You can also leverage StatefulSets deploy services that require a notion of cluster membership with no specific master. For example, a Zookeeper cluster requires each node to know the network addressable name of each other node. With a StatefulSet, you can deploy a set number of nodes with known network addressable names. By configuring your Zookeeper cluster with the names and addresses of each node in the cluster, it will be able to run its own internal leader election algorithm that ensures strongly consistent and replicated writes.
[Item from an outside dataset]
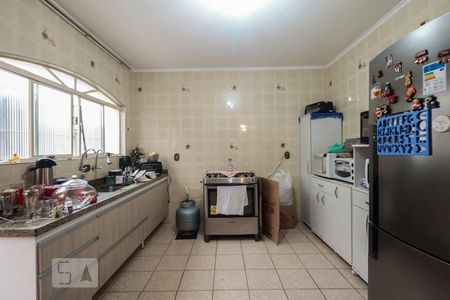 Casa à venda com 176m², 3 quartos e 3 vagasCozinha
For more on StatefulSets, consult the Kubernetes documentation:

Session Affinity

Session affinity always directs traffic from a client to the same pod. It is typically used as an optimization to ensure that the same pod receives traffic from the same user so that you can leverage session caching. It is worth noting that session affinity is a best-effort endeavour and there are scenarios where it will fail due to pod restarts or network errors.
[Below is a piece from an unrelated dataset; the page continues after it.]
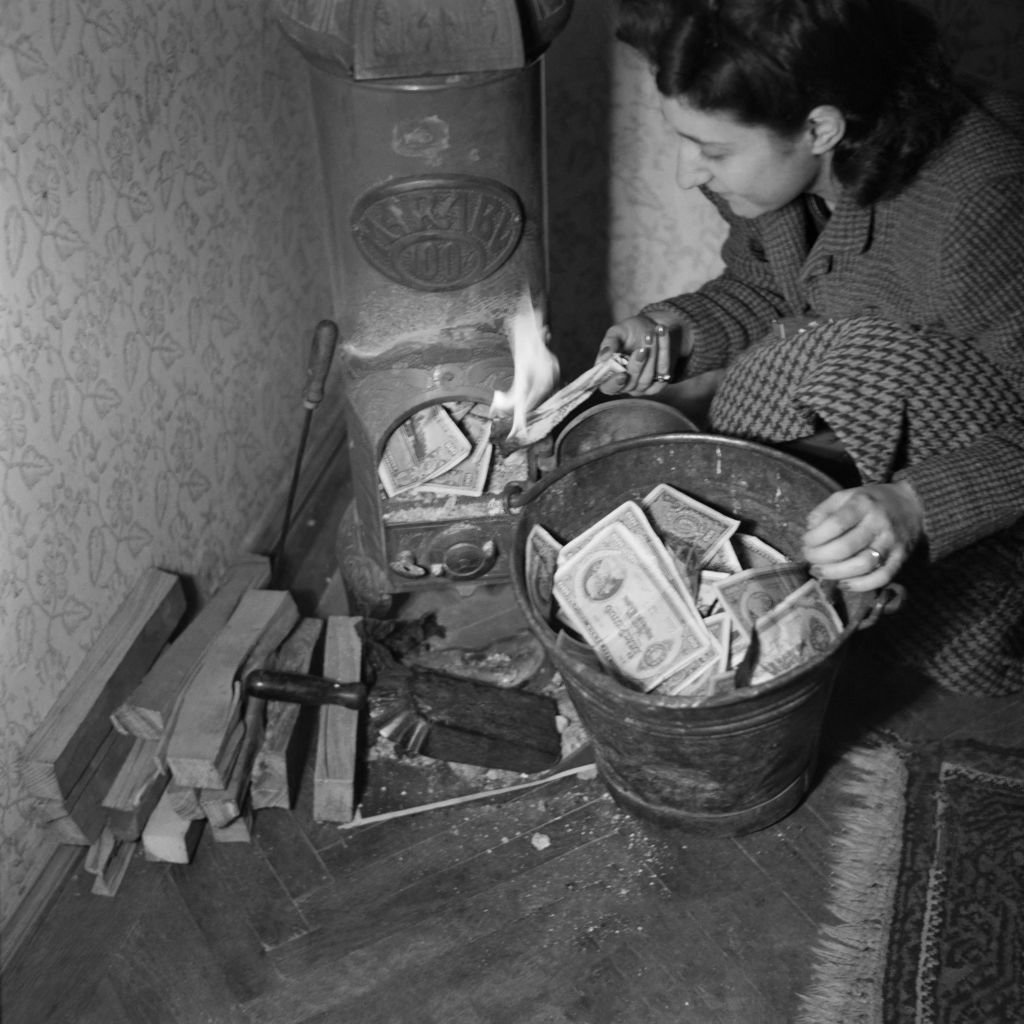 Mujer usando pengos como combustible para la chimenea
Typically, session affinity is handled by load-balancers that direct traffic to a set of VMs (or nodes). In Kubernetes, however, we deploy services as pods, not VMS, and we require session affinity to direct traffic at pods. This requires some use of Kubernetes internal load balancing using either iptables or ipvs. When deploying your service, you can configure session affinity using YAML. For example, the following service uses ClientIP session affinity, which will route all requests originating from the same IP address to the same pod:

kind: Service
apiVersion: v1
metadata:
  name: my-service
spec:
  selector:
    app: my-app
  ports:
  - name: http
    protocol: TCP
    port: 80
    targetPort: 80
  sessionAffinity: ClientIP

This configuration works well for routing traffic to the same pod after it has reached the Kubernetes cluster. To enable session affinity for traffic that originates outside of the Kubernetes cluster, we require configuring Ingress into the cluster for session affinity. With nginx Ingress, we enable session affinity when defining the route to our service. For example, the following Ingress uses HTTP cookies, the cookie is named route and the value of the cookie is hashed using sha1.

apiVersion: extensions/v1beta1
kind: Ingress
metadata:
  name: nginx-test
  annotations:
    nginx.ingress.kubernetes.io/affinity: "cookie"
    nginx.ingress.kubernetes.io/session-cookie-name: "route"
    nginx.ingress.kubernetes.io/session-cookie-hash: "sha1"

spec:
  rules:
  - host: stickyingress.example.com
    http:
      paths:
      - backend:
          serviceName: http-svc
          servicePort: 80
        path: /

For more on session affinity, see Virtual IPs and service proxies and the nginx sticky session docs. We will also be providing more documentation on how to enable session affinity for our deployment of Kubernetes as we finalize the Kubernetes deployment.

Summary

Stateful distributed computing is both a broad and deep topic with inherent complexity — it is impossible to prescribe an exact best-practice for running such complicated applications. However, the techniques shown in this article can be used as building blocks for deploying and running stateful applications using some of the built-in functionality of Kubernetes. In particular, you can leverage the etcd cluster used by the Kubernetes API server to perform leader election, you can use StatefulSets to define a cluster membership topology for you service, and you can use session affinity to consistently route traffic to the same pod. All of these can help you develop a highly-available stateful application — but none of them are silver bullets. It is still up to each application developer to design their application to handle failures, restarts, and data consistency depending on the needs of their application.